Task description →
Locate the line that contains "Nunua Imported Toyota" in the entries below, then repeat it and every following line through the line that contains "Braising beef in", exactly, and no others.

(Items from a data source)
---

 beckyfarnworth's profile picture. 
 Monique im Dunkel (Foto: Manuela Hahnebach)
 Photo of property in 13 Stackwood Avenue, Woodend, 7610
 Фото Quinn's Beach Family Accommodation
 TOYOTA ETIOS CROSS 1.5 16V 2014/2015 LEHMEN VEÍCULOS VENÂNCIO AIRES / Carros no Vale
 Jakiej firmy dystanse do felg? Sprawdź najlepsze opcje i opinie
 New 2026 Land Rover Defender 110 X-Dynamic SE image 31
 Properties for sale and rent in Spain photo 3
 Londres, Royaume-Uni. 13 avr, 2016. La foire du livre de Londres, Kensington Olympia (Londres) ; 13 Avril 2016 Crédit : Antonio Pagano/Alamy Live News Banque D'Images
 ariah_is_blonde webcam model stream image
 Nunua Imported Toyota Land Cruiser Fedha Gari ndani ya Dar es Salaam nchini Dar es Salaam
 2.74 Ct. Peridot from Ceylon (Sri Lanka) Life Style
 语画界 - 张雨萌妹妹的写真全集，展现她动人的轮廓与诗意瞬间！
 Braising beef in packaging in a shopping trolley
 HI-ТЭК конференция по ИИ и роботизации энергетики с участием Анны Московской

---

Solution →
 Nunua Imported Toyota Land Cruiser Fedha Gari ndani ya Dar es Salaam nchini Dar es Salaam
 2.74 Ct. Peridot from Ceylon (Sri Lanka) Life Style
 语画界 - 张雨萌妹妹的写真全集，展现她动人的轮廓与诗意瞬间！
 Braising beef in packaging in a shopping trolley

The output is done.